The problem: Return, unchanged and with no pictures, the lines below from the very first through the one that contains "Pantaloni scurti Hummel, verde".
___ Data provided ___
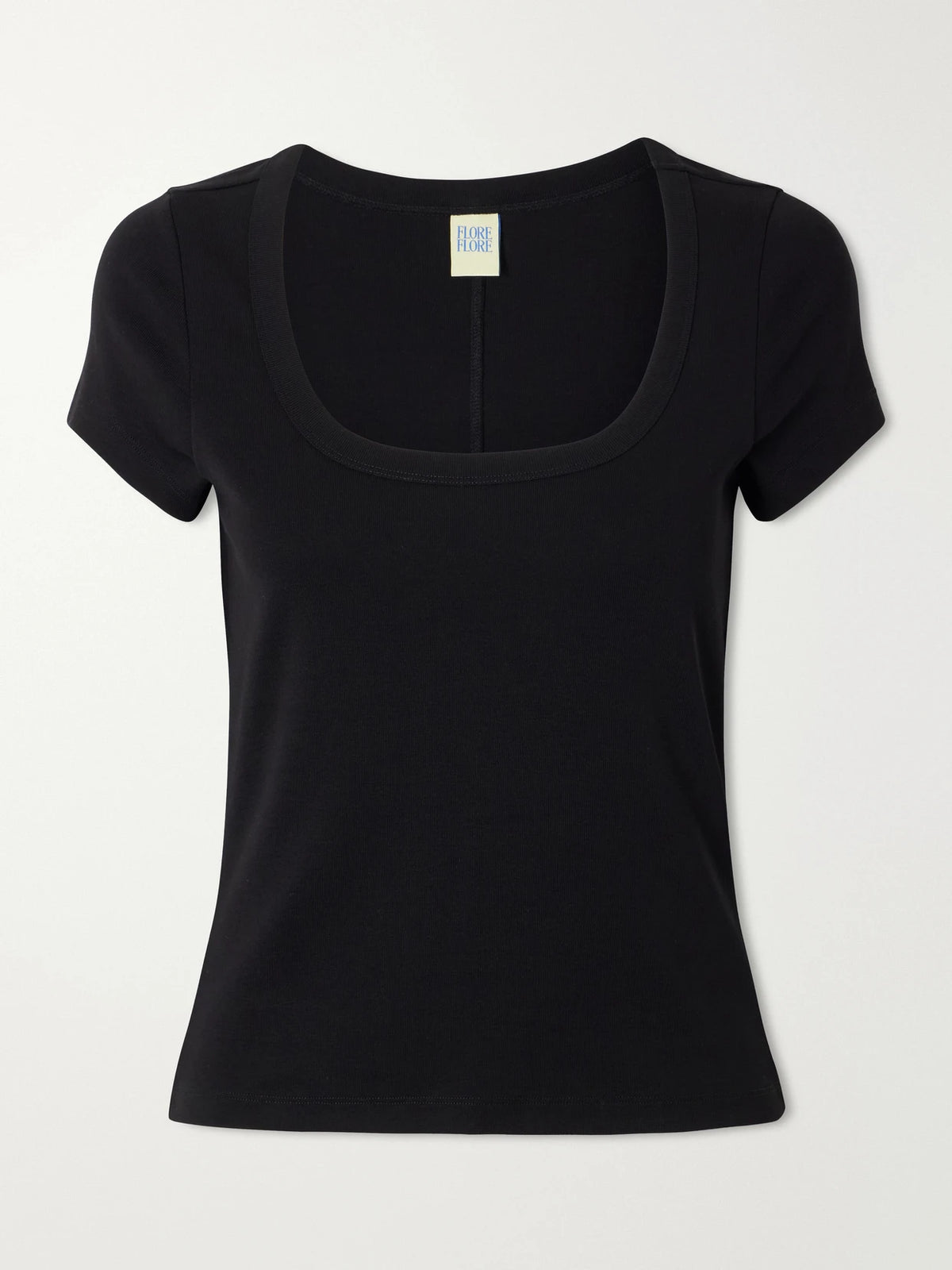 Lulu Baby Organic Cotton-jersey T-shirt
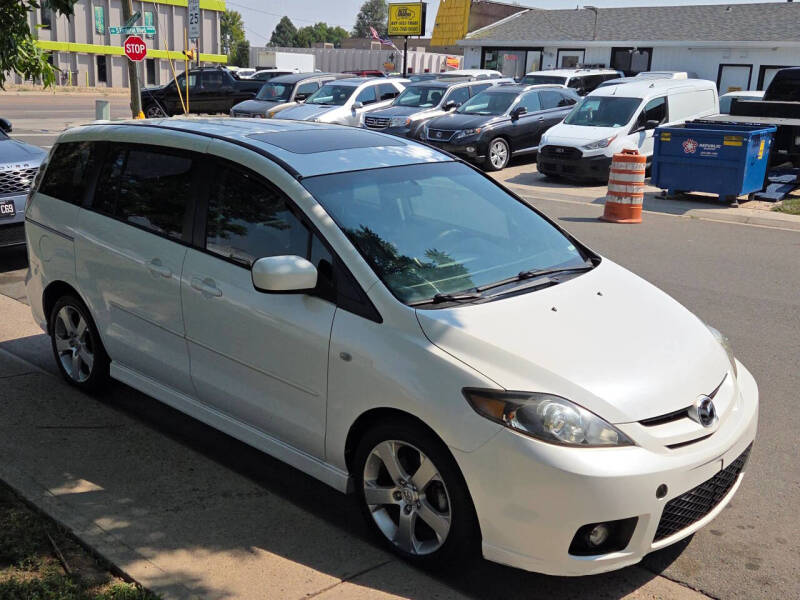 2007 Mazda MAZDA5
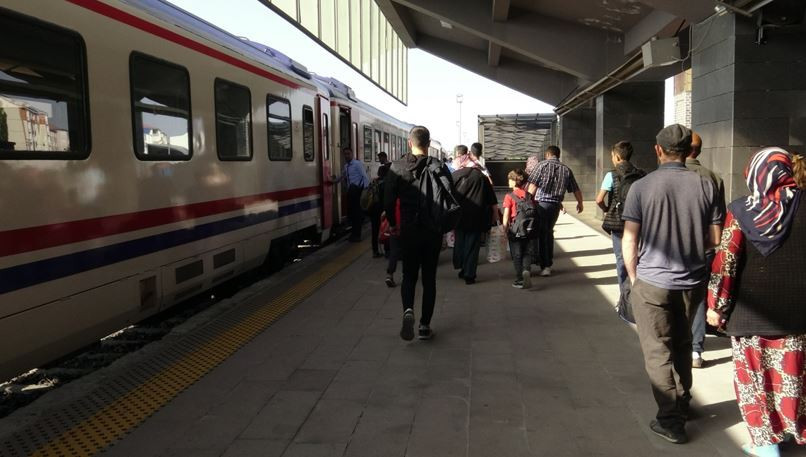 Doğu Ekspresi ile yolculuğa var mısınız?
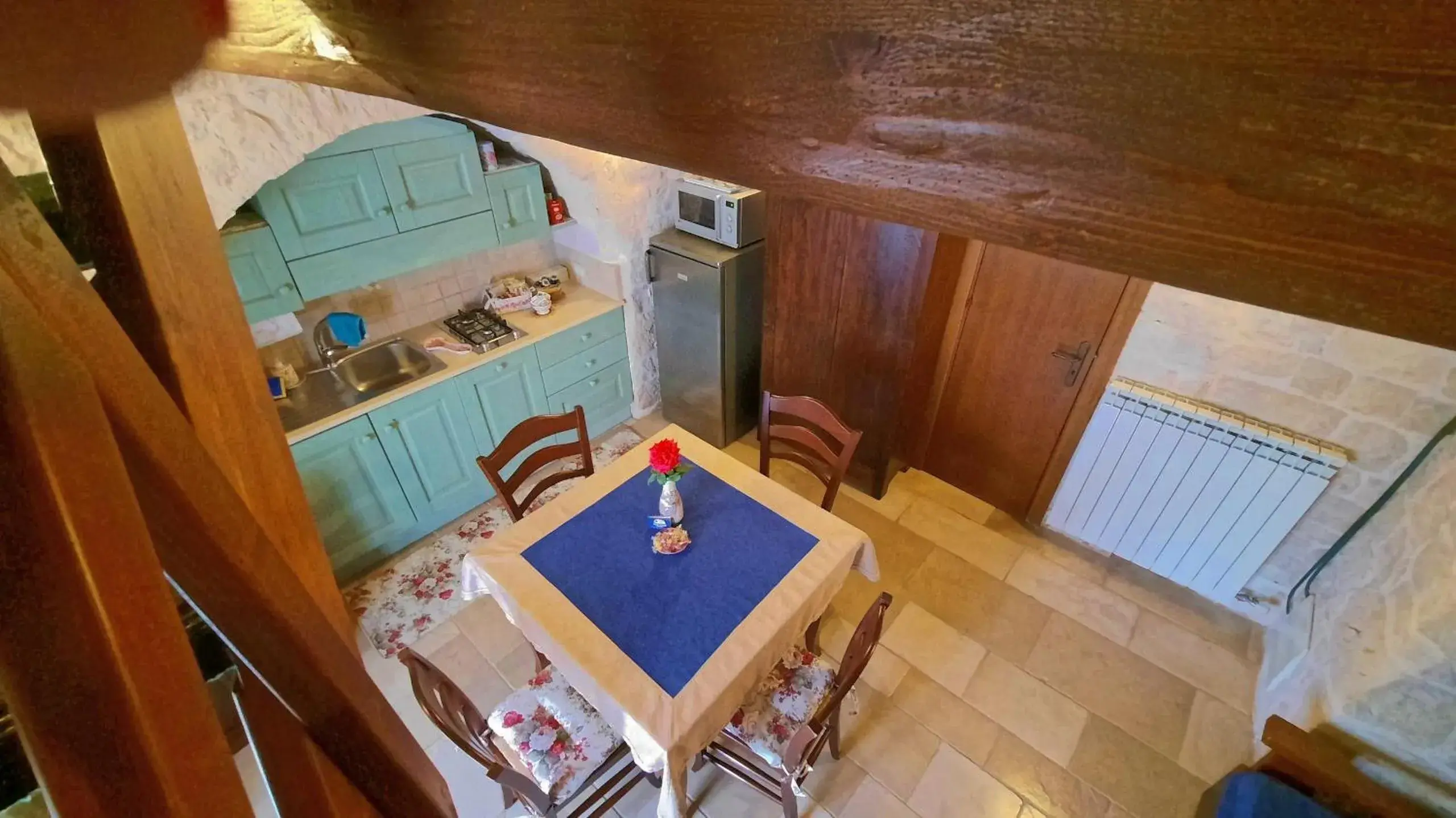 Trullo with mezzanine in La Rosa dei Trulli B&B Trullo with mezzanine in La Rosa dei Trulli B&B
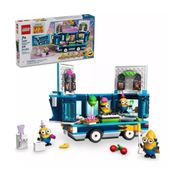 LEGO 75581 ONIBUS DE FESTA MUSICAL DOS MINIONS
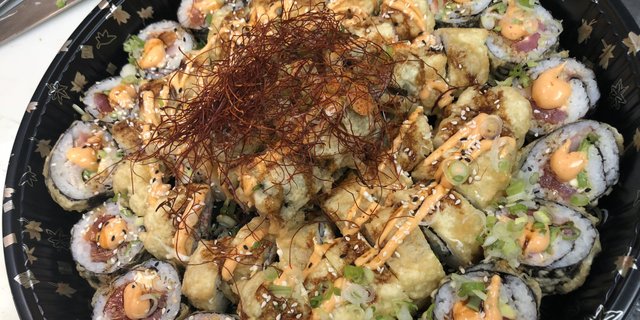 Super Fried Platter
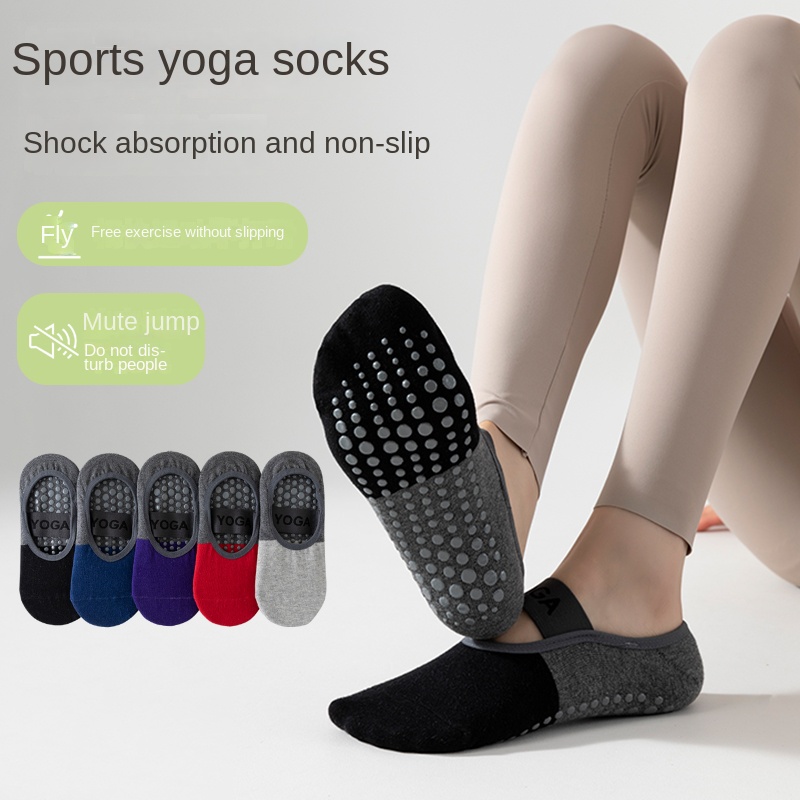 5 paires de chaussettes de yog - Yoga For Fitness avis et prix
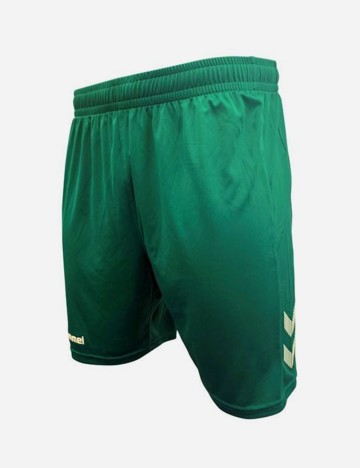 
						Pantaloni scurti Hummel, verde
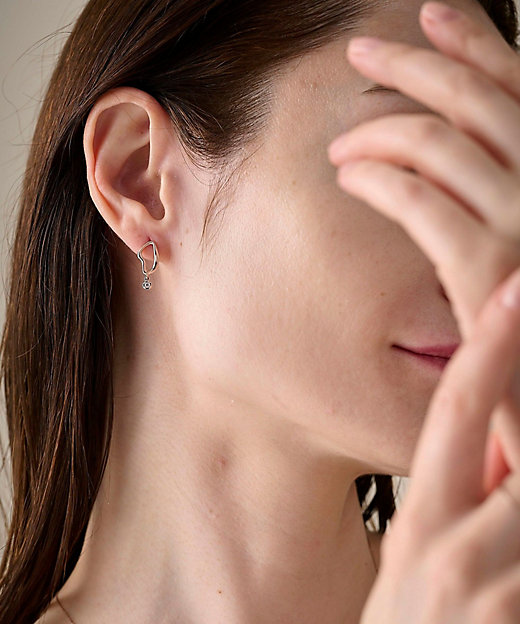 ビジュー ピアス | ete bijoux (Women)/エテ ビジュー | 三越伊勢丹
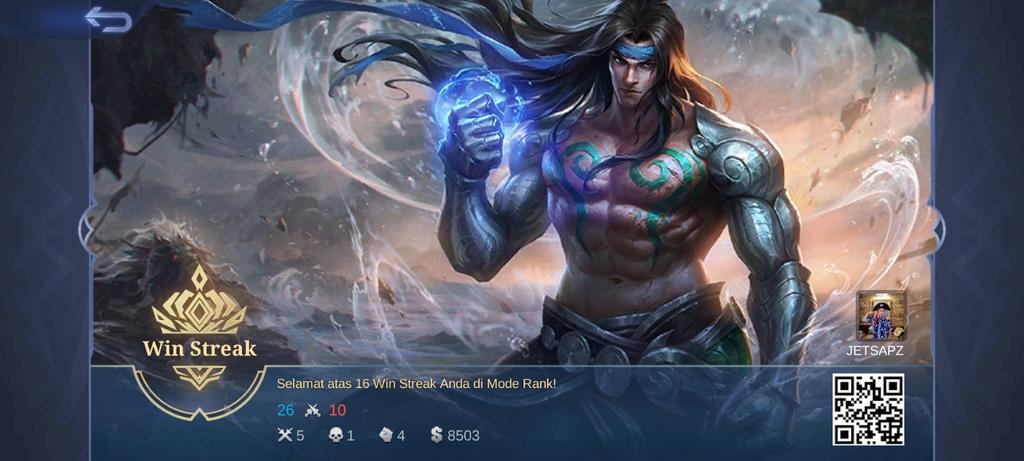 Ayo bergabung dengan tim saya, tantang semua Player MOBA terbaik bersama! 
r8qs.adj.st/appinvites?adj…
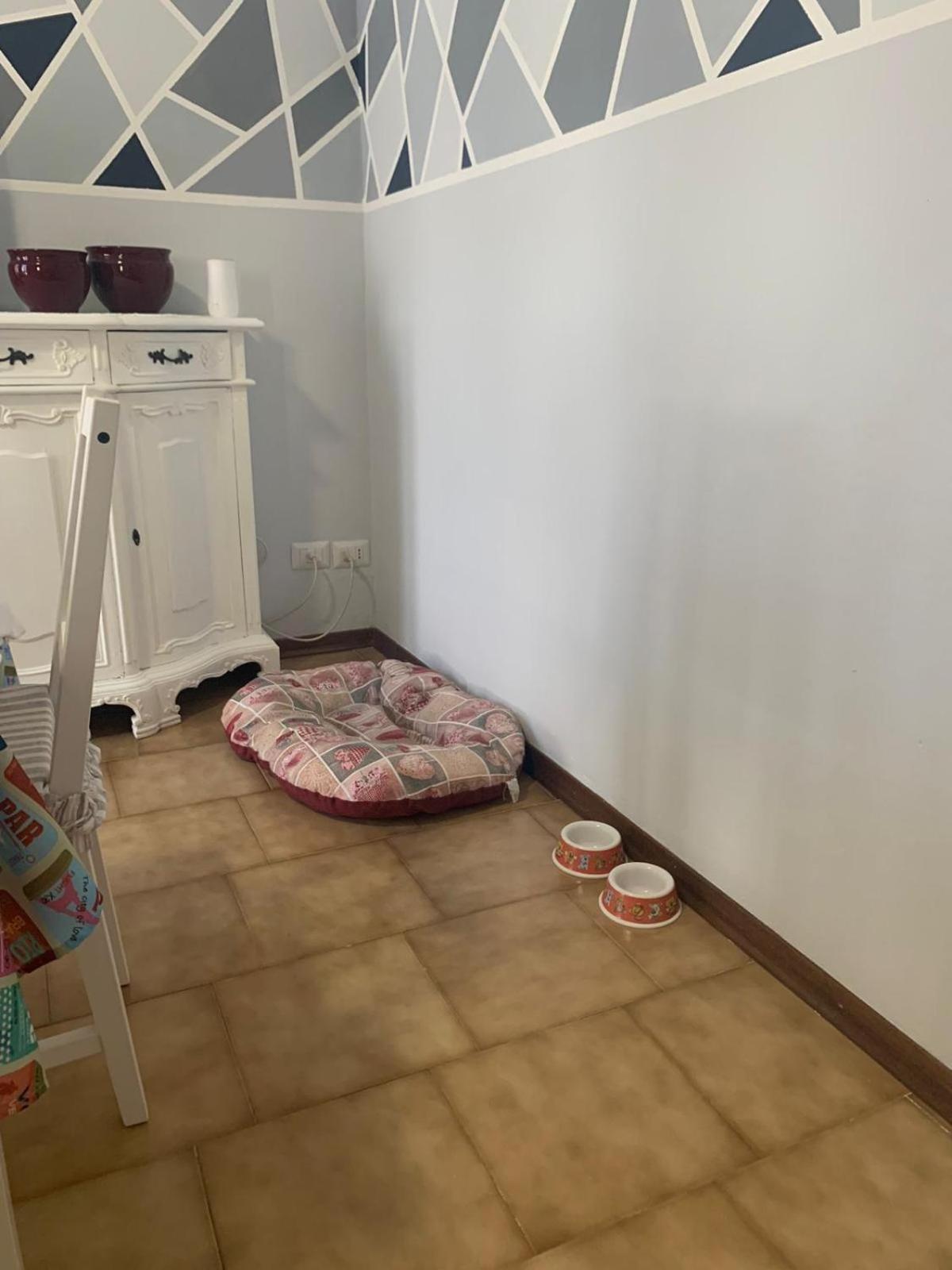 Appartamento La Casa Del Nonno Omegna Esterno foto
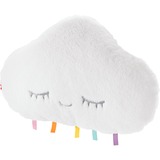 Mattel GJD44 juguete de peluche, Reloj de juego blanco, 0 año(s), Sonoro, AA, Pilas incluidas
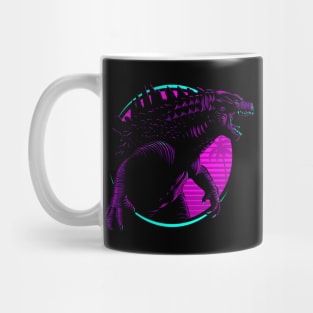 RetroZilla Mug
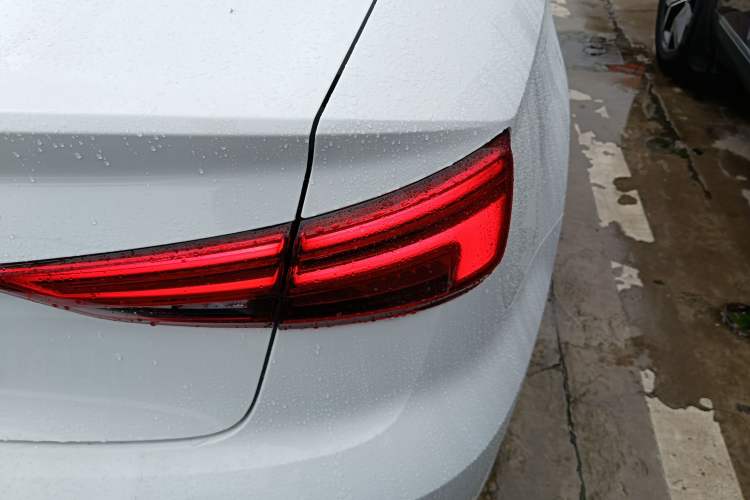 Used Audi A3 2020 Restyled Limousine 35 TFSI Ambition Version China VI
___
Your solution:
 Lulu Baby Organic Cotton-jersey T-shirt
 2007 Mazda MAZDA5
 Doğu Ekspresi ile yolculuğa var mısınız?
 Trullo with mezzanine in La Rosa dei Trulli B&B Trullo with mezzanine in La Rosa dei Trulli B&B
 LEGO 75581 ONIBUS DE FESTA MUSICAL DOS MINIONS
 Super Fried Platter
 5 paires de chaussettes de yog - Yoga For Fitness avis et prix
						Pantaloni scurti Hummel, verde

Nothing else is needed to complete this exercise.